Under pressure to react to Covid-19 criticism, the insurance industry may offer more of an expert role rather than capacity for future crises

Insurers can take at least one lesson from the Covid-19 crisis: wording-based, flat denials of business interruption coverages during a time of global economic lockdown are not conducive to popularity.

Another lesson is the sheer scale of business interruption losses makes it impossible for insurers and reinsurers to offer, by themselves, real capacity for business interruption coverages for the next global pandemic event.

It is not surprising, then, that discussions have started to take place around the world about the setting up of risk-sharing mechanisms to make sure business owners are not abandoned if a threat like Covid-19 should happen again in the future.

In the UK, a steering group, led by Convex’s Stephen Catlin, has been created by the industry to formulate a response to future pandemics. It is working alongside Pool Re, the UK’s terrorism reinsurance backstop.

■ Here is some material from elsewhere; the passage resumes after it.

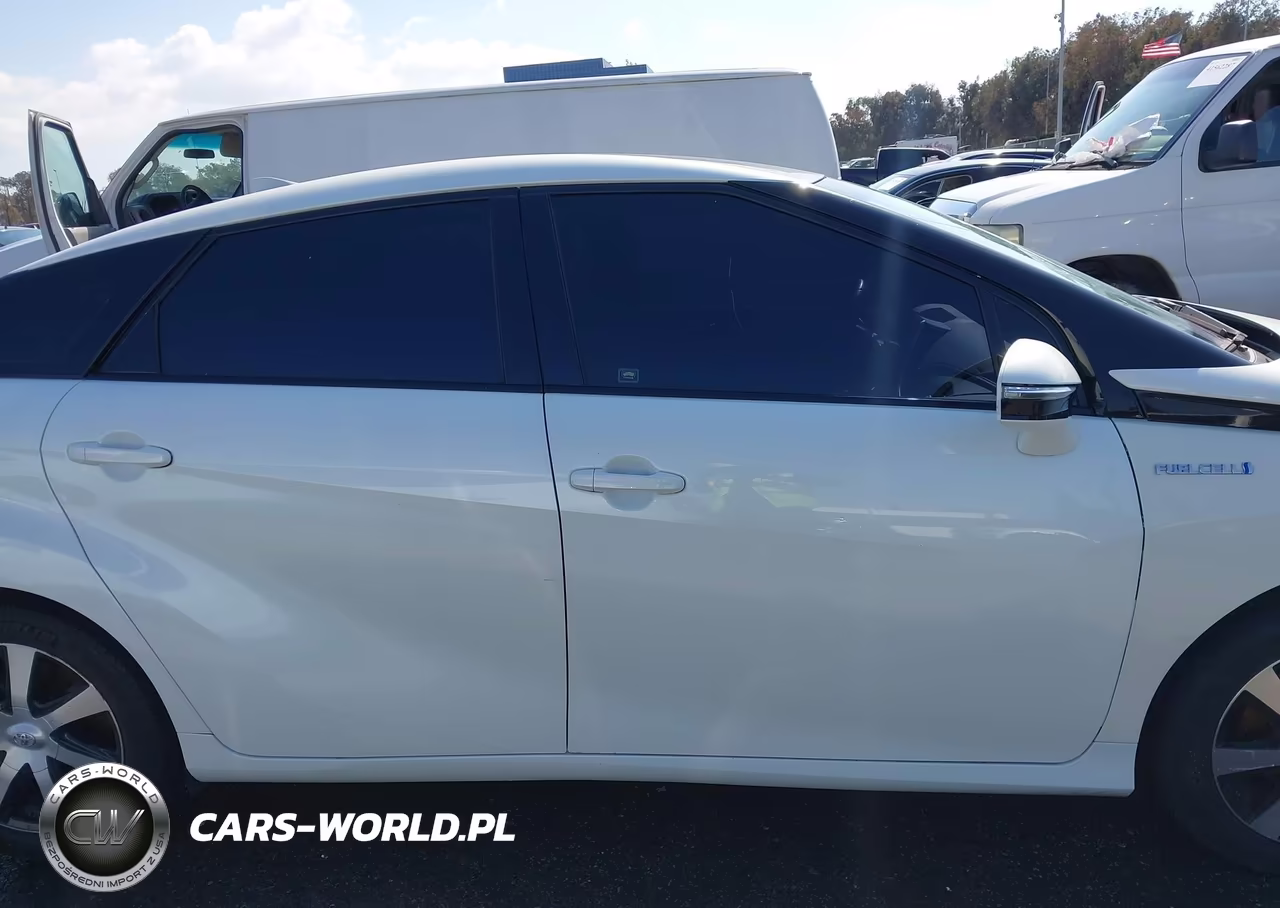 2017 Toyota Mirai VIN:JTDBVRBD5HA001987 - 13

Elsewhere, on April 22 France’s insurance association, the Fédération Française de l’Assurance (FFA), announced it is working on a plan to create a pandemic mechanism, which it aims to have ready to send to the government before the end of this year.

In the US members of Congress and state parliaments have started to discuss ways to guarantee business interruption coverages for businesses affected by pandemics. Ideas have been floated such as the incorporation of pandemic risks into the Terrorism Risk Insurance Act (Tria), the US’s terrorism risk government backstop, or to be covered by a specialised mechanism, perhaps similar to the National Flood Insurance Programme (NFIP) or Tria itself.

 

Tax-payer burden

The industry has its work cut out in this matter. After all, it will need to convince governments the “sharing” part of the idea will be done mostly, if not exclusively, by the tax-payer.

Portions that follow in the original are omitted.